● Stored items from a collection
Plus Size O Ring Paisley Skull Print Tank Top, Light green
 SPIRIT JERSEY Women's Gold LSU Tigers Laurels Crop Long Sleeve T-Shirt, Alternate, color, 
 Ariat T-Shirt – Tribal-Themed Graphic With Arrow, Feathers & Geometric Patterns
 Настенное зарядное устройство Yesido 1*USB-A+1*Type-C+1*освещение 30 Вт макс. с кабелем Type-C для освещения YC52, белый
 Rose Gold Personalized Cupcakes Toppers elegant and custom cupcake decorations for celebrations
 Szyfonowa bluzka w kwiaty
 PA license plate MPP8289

● What you should do
Once you have read the entries above, copy them out exactly as they were given.

● Your response
Plus Size O Ring Paisley Skull Print Tank Top, Light green
 SPIRIT JERSEY Women's Gold LSU Tigers Laurels Crop Long Sleeve T-Shirt, Alternate, color, 
 Ariat T-Shirt – Tribal-Themed Graphic With Arrow, Feathers & Geometric Patterns
 Настенное зарядное устройство Yesido 1*USB-A+1*Type-C+1*освещение 30 Вт макс. с кабелем Type-C для освещения YC52, белый
 Rose Gold Personalized Cupcakes Toppers elegant and custom cupcake decorations for celebrations
 Szyfonowa bluzka w kwiaty
 PA license plate MPP8289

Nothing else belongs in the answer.